▸ **Description of the task**
The answer consists solely of the listing's lines from the first through the line containing "Figura 67: Controle", each reproduced exactly.

>>>

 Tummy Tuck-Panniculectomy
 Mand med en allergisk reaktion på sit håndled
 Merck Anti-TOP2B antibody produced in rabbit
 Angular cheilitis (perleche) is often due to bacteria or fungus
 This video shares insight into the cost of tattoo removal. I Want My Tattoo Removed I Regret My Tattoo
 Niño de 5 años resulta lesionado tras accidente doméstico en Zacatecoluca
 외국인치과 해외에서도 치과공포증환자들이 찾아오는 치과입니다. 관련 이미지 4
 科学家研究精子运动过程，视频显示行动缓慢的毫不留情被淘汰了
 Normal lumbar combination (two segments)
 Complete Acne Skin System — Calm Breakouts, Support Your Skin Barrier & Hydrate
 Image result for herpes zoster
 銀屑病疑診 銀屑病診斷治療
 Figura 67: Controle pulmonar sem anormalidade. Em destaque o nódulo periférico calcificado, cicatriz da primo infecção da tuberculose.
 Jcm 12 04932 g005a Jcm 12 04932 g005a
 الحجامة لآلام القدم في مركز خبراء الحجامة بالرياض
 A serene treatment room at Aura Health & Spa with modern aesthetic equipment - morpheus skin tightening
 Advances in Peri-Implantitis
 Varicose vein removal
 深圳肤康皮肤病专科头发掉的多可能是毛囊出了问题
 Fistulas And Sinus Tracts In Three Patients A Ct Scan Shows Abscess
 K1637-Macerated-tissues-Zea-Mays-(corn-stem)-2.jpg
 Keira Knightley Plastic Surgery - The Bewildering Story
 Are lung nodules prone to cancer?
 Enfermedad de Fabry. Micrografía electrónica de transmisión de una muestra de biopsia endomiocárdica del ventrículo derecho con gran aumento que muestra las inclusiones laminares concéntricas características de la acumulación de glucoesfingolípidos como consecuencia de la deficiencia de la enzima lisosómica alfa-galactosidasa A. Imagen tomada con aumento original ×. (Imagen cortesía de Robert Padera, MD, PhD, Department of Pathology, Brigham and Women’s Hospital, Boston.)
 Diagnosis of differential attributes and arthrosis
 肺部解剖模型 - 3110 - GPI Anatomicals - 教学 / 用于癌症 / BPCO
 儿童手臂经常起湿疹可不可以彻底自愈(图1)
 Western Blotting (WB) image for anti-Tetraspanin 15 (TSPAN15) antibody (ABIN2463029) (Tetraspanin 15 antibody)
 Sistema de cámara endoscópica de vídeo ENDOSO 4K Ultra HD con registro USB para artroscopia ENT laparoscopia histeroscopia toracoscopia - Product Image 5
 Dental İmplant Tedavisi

<<<

▸ **Result below**
 Tummy Tuck-Panniculectomy
 Mand med en allergisk reaktion på sit håndled
 Merck Anti-TOP2B antibody produced in rabbit
 Angular cheilitis (perleche) is often due to bacteria or fungus
 This video shares insight into the cost of tattoo removal. I Want My Tattoo Removed I Regret My Tattoo
 Niño de 5 años resulta lesionado tras accidente doméstico en Zacatecoluca
 외국인치과 해외에서도 치과공포증환자들이 찾아오는 치과입니다. 관련 이미지 4
 科学家研究精子运动过程，视频显示行动缓慢的毫不留情被淘汰了
 Normal lumbar combination (two segments)
 Complete Acne Skin System — Calm Breakouts, Support Your Skin Barrier & Hydrate
 Image result for herpes zoster
 銀屑病疑診 銀屑病診斷治療
 Figura 67: Controle pulmonar sem anormalidade. Em destaque o nódulo periférico calcificado, cicatriz da primo infecção da tuberculose.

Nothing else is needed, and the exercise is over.